EXERCISE INPUTS below:

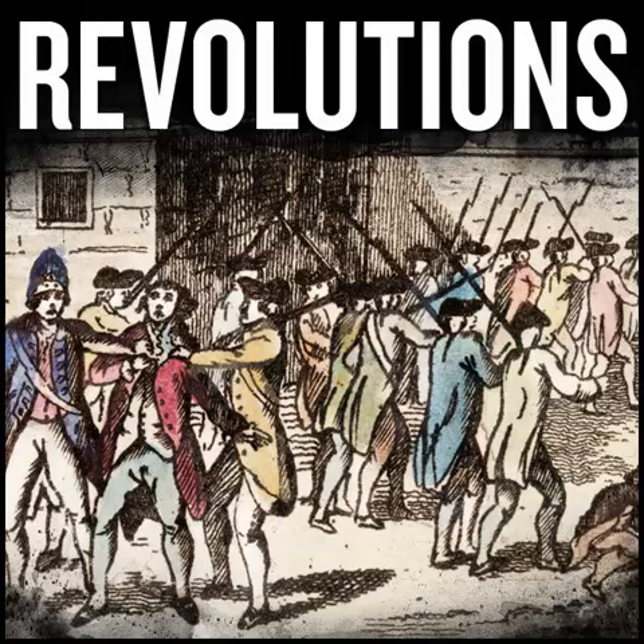Hello, and welcome to Revolutions. Episode 9.14, The Ten Tragic Days.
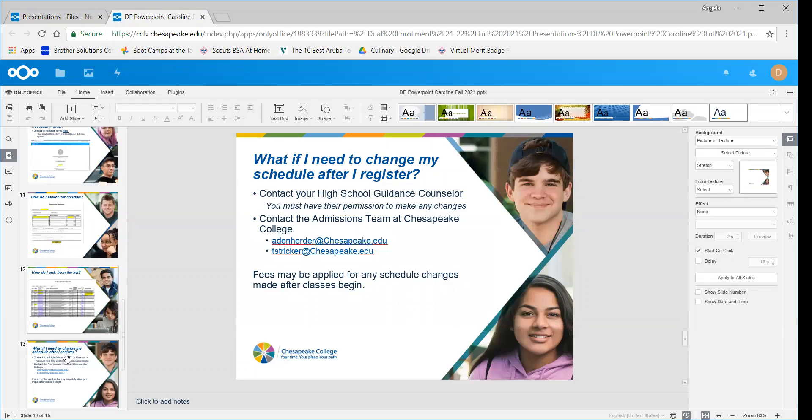Once you register with us, you pay for the class by July 12th. If you need to change your schedule between then and when classes start in August, let your counselor know first because they have to make sure you have enough classes at the high school. If you want to make changes after the college class starts, there will be fees — either a $5 drop fee or a $15 change fee. Ideally you're making changes before classes start, but if you have to, let your counselor know and then let Tammy and myself know.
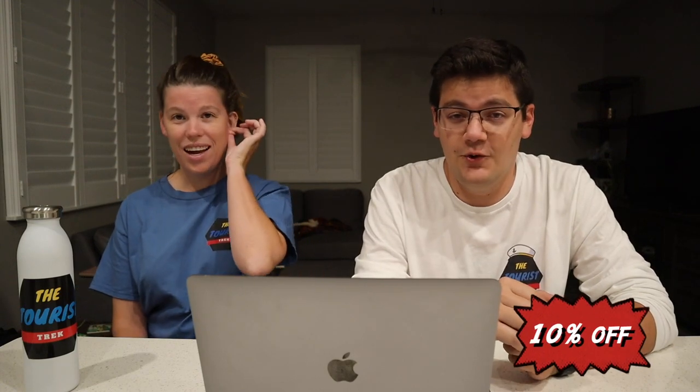Definitely take a peek at the description box down below where we'll have a link to our merch website. Right now, up until the end of August — August 31st — there is a promo code where you'll get 10% off anything that you buy in the store. You just have to use the promo code Trek 22.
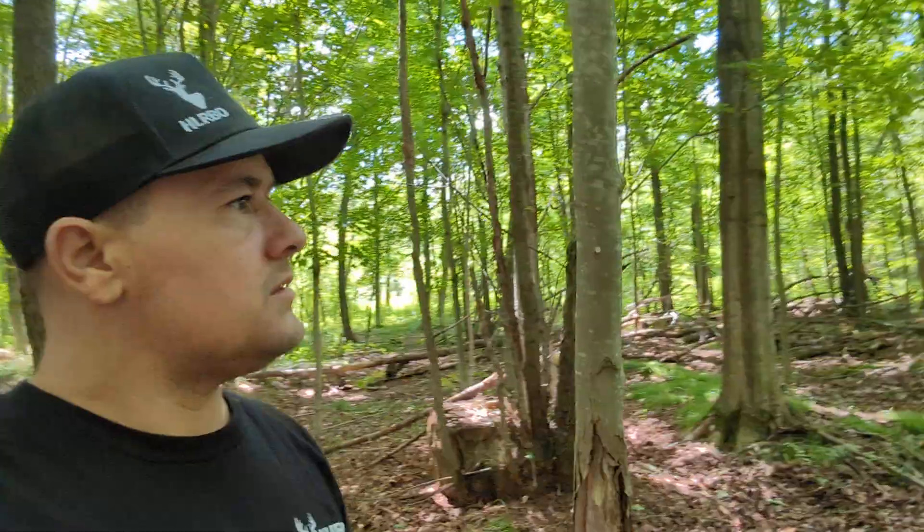I'm in the back section, right off the field, and it looks great back here — trails everywhere. It's nice and open, secluded; you don't hear any roads or anything. Use the wind to your advantage.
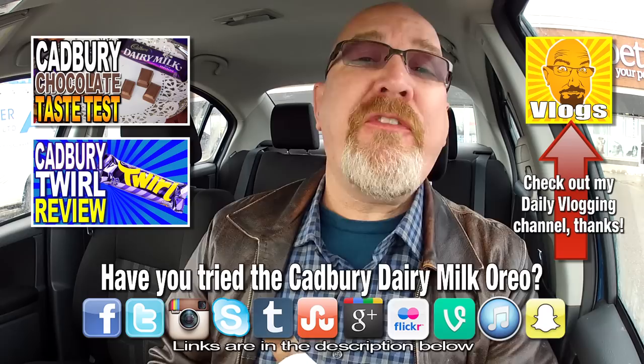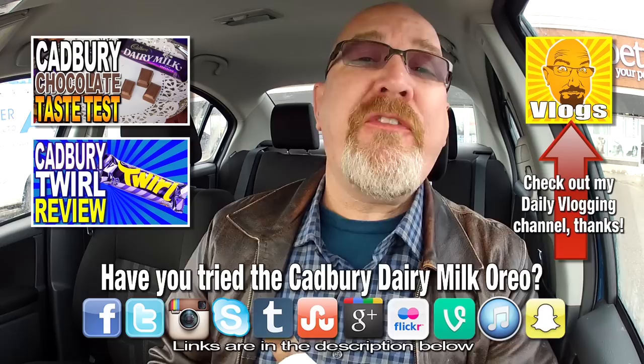Alright guys, thanks for watching. If you like this video, give it a thumbs up, and we'll see you next time on another Kendomic product review.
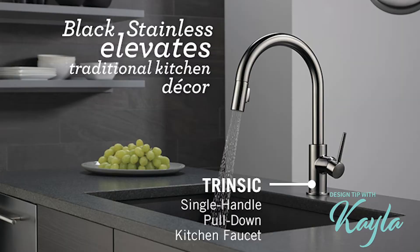But black stainless is not just for appliances. If you love that finish and you want other items to match in your home, this is definitely the year for you. For the last year, Delta faucets has had black stainless so that your faucets can match your appliances, which is awesome for the kitchen. So they've definitely come on the trend.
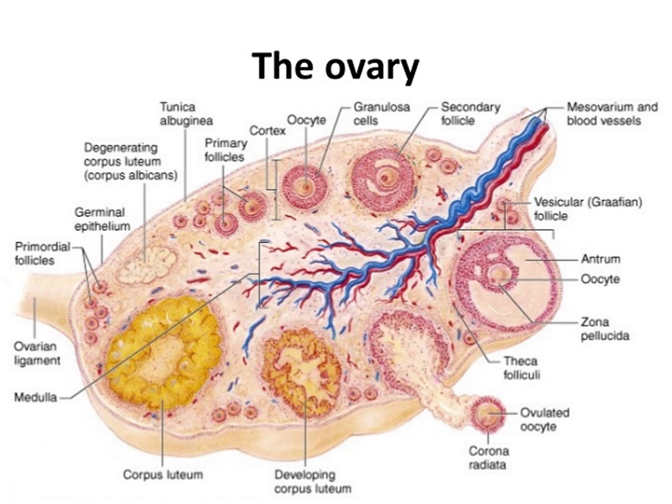The ovaries are surrounded by a capsule and have an outer cortex and an inner medulla. The capsule is of dense connective tissue and is known as the tunica albiginea. Usually, ovulation occurs in one of the two ovaries, releasing an egg each menstrual cycle.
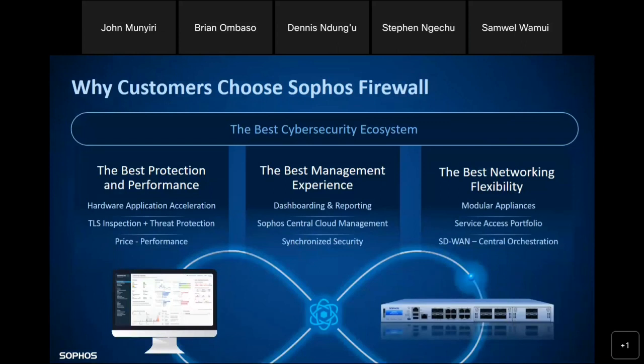Some of the benefits our customers enjoy from Sophos Firewall include best performance and protection from the latest threat intelligence, visibility, and automated responses. When a certain threat comes, the manual work has been reduced by about 50% through automation. Your firewall is able to respond and give alerts: we detected a certain threat trying to come through your network, and this is what we have done.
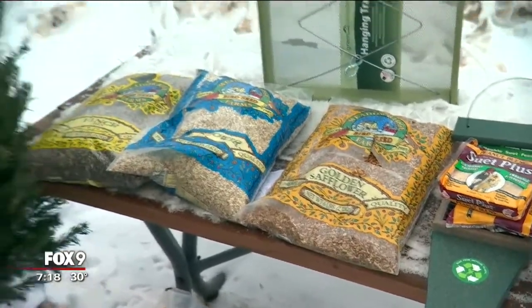That is the best way to attract birds to your backyard this winter, and it's great to have them because they do bring some interest to our backyards.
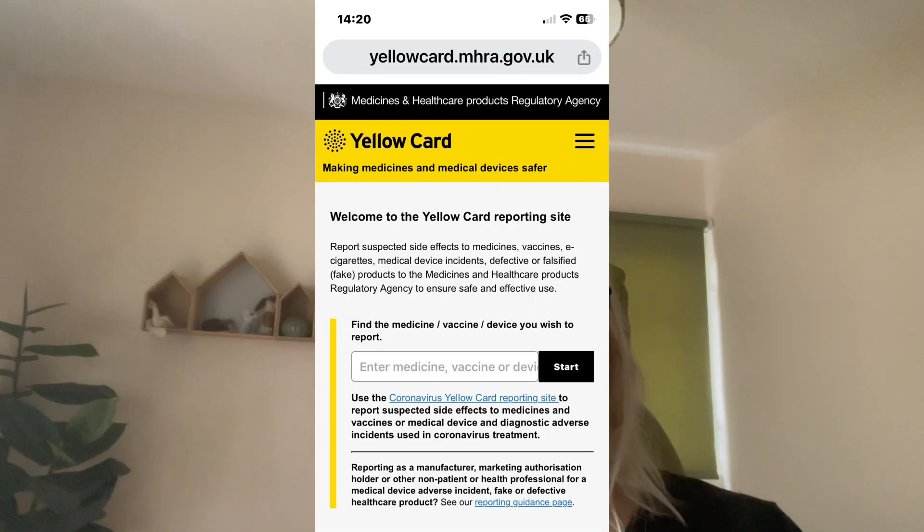I just wanted to remind everyone that if you do have any adverse effects from seeds or mould — for example if you find seeds and it gives you a sore throat, a headache, or makes you really cough — or obviously with mould, which can cause even more serious problems if you're immunocompromised, please fill out a yellow card. The yellow card system is there so that adverse effects are reported, and I'll put a link in the description below.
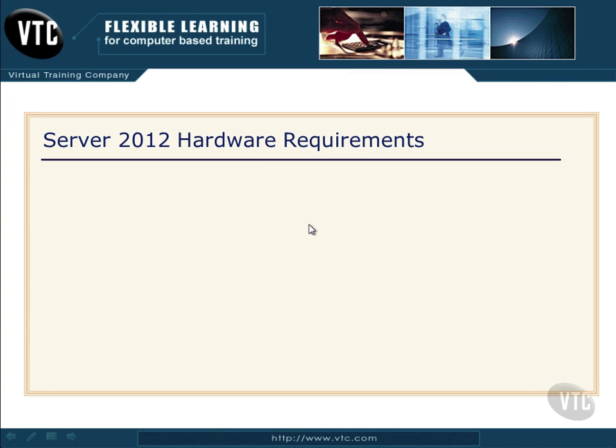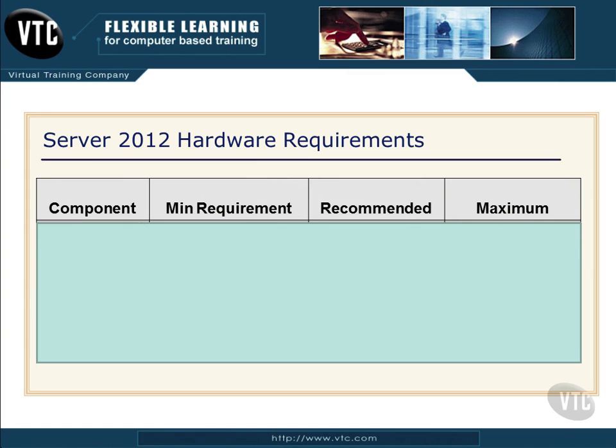Now let's talk about the hardware requirements for Windows Server 2012. Keep in mind you need to memorize these — they will be on the exam in a number of different forms. However, rest assured they will not ask you what the minimum processor speed is. What they will ask is a scenario where all of the answers have processors that somehow violate the hardware requirements. So just memorize these and jot them down before you begin your exam.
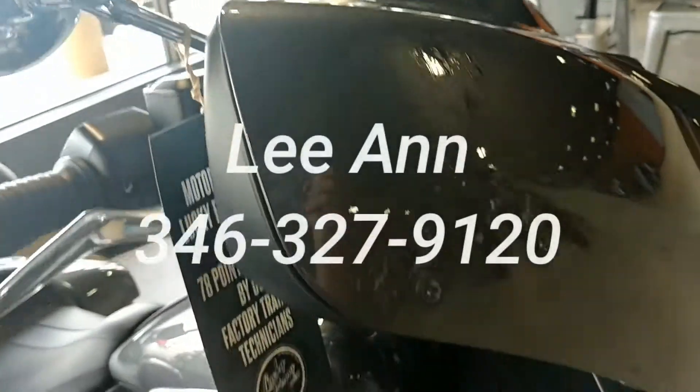Leanne at Lucky Penny Cycles. Give us a call at 346-327-9120.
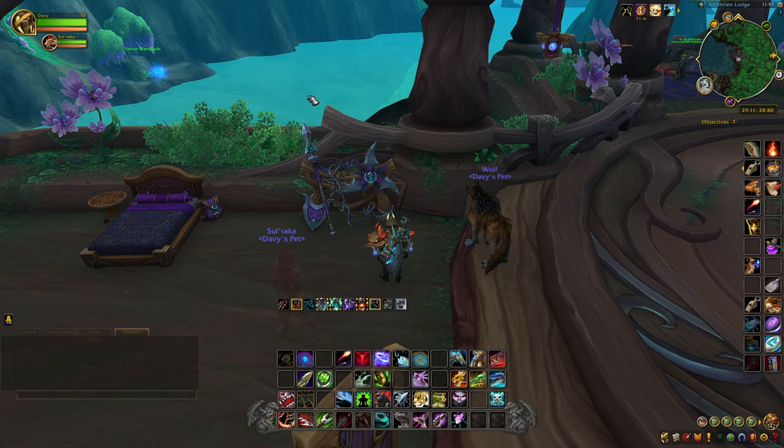Hey everyone, it's Jet back today with another transmog video. Today I'm going to show you how to get all 11 Kaldorei cosmetic pieces scattered across Bel'ameth, which was the new zone added in patch 10.2.5. All these items are account bound so you only have to get them once. I'll put all the waypoints in the description below and also tooltip each of these items in the video, so if you're looking for a specific one you can just jump to it.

End of EXERCISE INPUTS.

TASK DESCRIPTION → Repeat exactly, and only, the entries from the line with "Once you register" through the line with "Definitely take a". Pictures are skipped.

EXERCISE RESPONSE →
Once you register with us, you pay for the class by July 12th. If you need to change your schedule between then and when classes start in August, let your counselor know first because they have to make sure you have enough classes at the high school. If you want to make changes after the college class starts, there will be fees — either a $5 drop fee or a $15 change fee. Ideally you're making changes before classes start, but if you have to, let your counselor know and then let Tammy and myself know.
Definitely take a peek at the description box down below where we'll have a link to our merch website. Right now, up until the end of August — August 31st — there is a promo code where you'll get 10% off anything that you buy in the store. You just have to use the promo code Trek 22.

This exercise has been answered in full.